When I contrast this with the alternating play, I didn’t like this one as much. I’m not sure why: the story is more accessible (Latina had many portions in Spanish); I understand the times better; and (at least according to critics and the Pulitzer committee) the story is better crafted. My guess is that it was the presentation: this play was further from the student’s experience, and this made it harder for them to turn the characters into living and breathing people. I think it was also complicated by last night’s performances: there were lots of line problems, and for many of the actors, the presentation seemed rushed, making it a recitation of lines. Another problem was character confusion: As some of the students played multiple characters, they did not distinguish them enough through acting mannerism to make the audience realize these were different characters. That’s something the director, Randy Olea, might have addressed had he realized it.
As the lead, Ariel Kostrzewski did reasonably well as Heidi. She was weakest in the framing scenes (the art lectures), where the rushed delivery led to the point of the framing scenes being lost. When interacting with other characters, she was much stronger and more believable. Providing her strong support were Quest Sky Zielder as Peter Patrone, Mike Hill as Scoop Rosenbaum, and Erin Geronimi as Susan Johnston. Quest, in particular, was notable for his strong delivery, his embodiement of character, and the humor he conveyed to the audience. Mike was also very strong as Scoop, delivering and acting well. Erin, who was also strong in Latina, portrayed the friend quiet well.

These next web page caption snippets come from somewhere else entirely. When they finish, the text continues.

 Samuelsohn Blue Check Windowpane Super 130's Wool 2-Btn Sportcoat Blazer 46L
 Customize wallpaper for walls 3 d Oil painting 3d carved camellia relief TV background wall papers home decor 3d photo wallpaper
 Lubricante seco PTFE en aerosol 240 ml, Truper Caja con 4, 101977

Rounding out the cast were: Vivian Ceemeño as Becky, Gabriel Dominquez as a waiter, Jade Field as Debbie, Priscilla Legaspi as April, Taylor Morris as Jill and Betsy, Melodie Muñoz-Lestrade as Lisa, Flavia Ponce as Clara, Kim Reyes as Denise, Alex Reynoso as Chris, Mark, and Doctor Ray, Denisse Rodriguez as Molly, and Priscilla Zambrano as Fran.
Turning to the technical. The set, develoed by Mr. Tom Kirkpatrick and his students, was relatively simple: triangular pillars and a number of props. It was sufficient to convey the times, but not much else. Sound and lights were provided by Mr. Marque Coy and his students. The sound worked better for this show with fewer microphone problems. Lighting was good, although I was unsure about the use of the moving lights before and after the show. Charlie Glasser and Clarissa Tanglao were technical stage managers, with Kenji Kang and Sierra McDuffee doing sound, and Kevin Vasquez, Kacie Rodriguez, Glory Smith, and Joseph Tafur doing lighting. One technical problem in the auditorium: although it was a cold and rainy night in LA, last night the air conditioning in the auditorium decided to run full blast.

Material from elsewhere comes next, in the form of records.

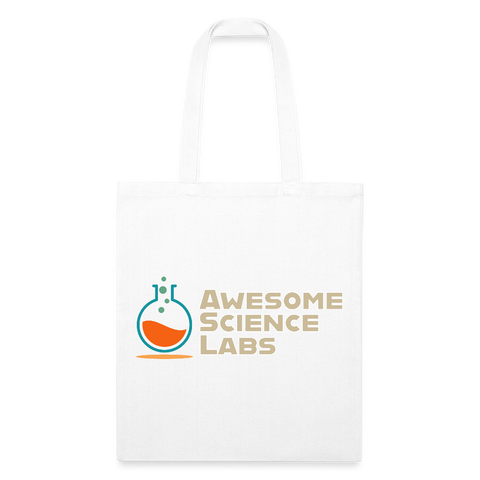 Awesome Science Labs Recycled Tote Bag - white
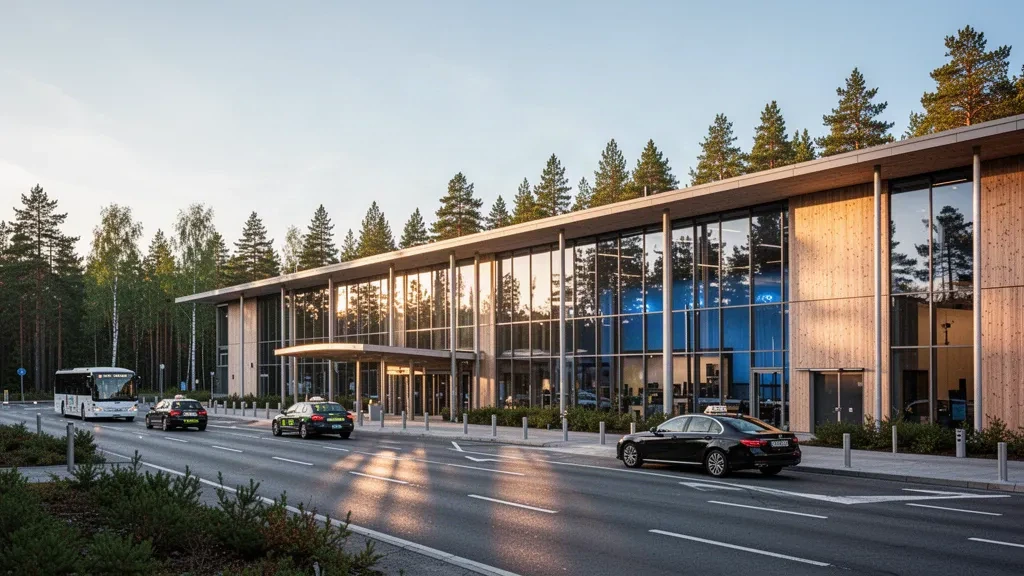 Altın saatlerde Stockholm Arlanda Havalimanı'nda modern cam ve ahşap terminal binasının dış cephesi, yolcu indirme şeritleri ve ötede İskandinav çam ormanı.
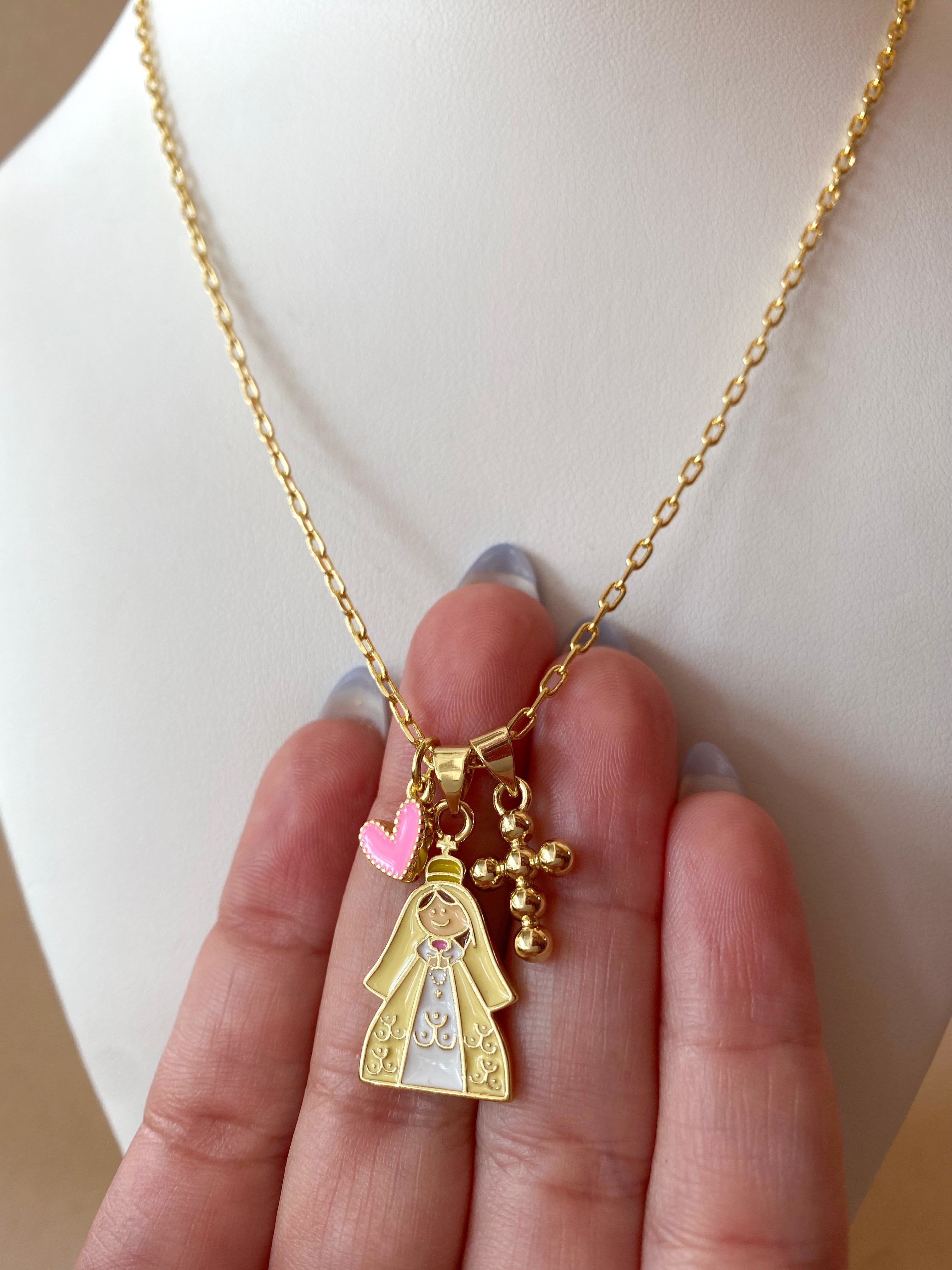 Yellow & Pink Virgin Heart and Cross Necklace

As always, where the Van Nuys production team lacks is publicity and program. This production is not well advertised: there should be posters in local businesses, as well as announcements at local middle schools (to attract students to the magnets). It should be clear on the school’s website, and have easily findable pages on Facebook. It should also have a stronger program: there should be advertising sold in the program so that local businesses can (a) learn about the production and (b) support the school. They have done this for the yearbook and sports programs; it should be in the drama program as well. The program should also provide additional information on the show itself—in particular, identifying the author, the rights management company, and when the show was first produced (or notable LA productions). There’s also no reason a mechanism such as eventbrite shouldn’t be available so that tickets can be purchased in advance; using Goldstar would be even better, as the production would gain advertising as well.

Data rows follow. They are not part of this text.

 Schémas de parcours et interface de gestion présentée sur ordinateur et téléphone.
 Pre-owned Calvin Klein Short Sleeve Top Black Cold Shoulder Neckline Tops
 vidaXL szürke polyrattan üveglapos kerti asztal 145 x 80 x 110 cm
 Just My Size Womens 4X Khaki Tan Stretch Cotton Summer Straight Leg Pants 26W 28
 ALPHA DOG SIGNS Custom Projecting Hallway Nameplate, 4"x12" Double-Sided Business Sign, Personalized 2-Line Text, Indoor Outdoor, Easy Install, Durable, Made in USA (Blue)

Last night was the last performance of “The Heidi Chronicles“. You can catch the final performance of “Latina” tonight at 7pm for $8. Information at http://vannuyshs.org/.
Upcoming Theatre, Concerts, and Dance: Tonight takes us to Long Beach to see “The Robber Bridegroom” at ICT. Next weekend brings “Day Out With Thomas” at Orange Empire (We’re working Veterans Day). Veteran’s Day weekend brings “Sylvia” at the Edgemar Center for Performing Arts in Santa Monica on Saturday 11/12; the following weekend brings “Chitty Chitty Bang Bang at the Simi Valley Cultural Arts Center on its opening night, November 19. Karen will also be seeing “Riverdance” at the Pantages on November 16. I’m still waiting to ticket “Bring It On” at the Ahmanson (held for November 25, pending ticketing, hottix on sale for our block on November 8). Thanksgiving weekend also brings the last show of the REP season, “The Graduate”, on Saturday November 26. The first weekend of December is lost preparing for ACSAC, although I might squeeze in something on Saturday. The next weekend is busy, with a Mens Club Shabbat in the morning, and “Travels with my Aunt” at the Colony Theatre in the evening. The remainder of December is unscheduled, but I’m sure we’ll fill things in for Winter Break. Of course, there is the de rigueur movie and Chinese food on Christmas day. January, right now, is completely open, although the first show of the REP East season will likely be in there somewhere. As always, open dates are subject to be filled in with productions that have yet to appear on the RADAR of Goldstar or LA Stage Alliance.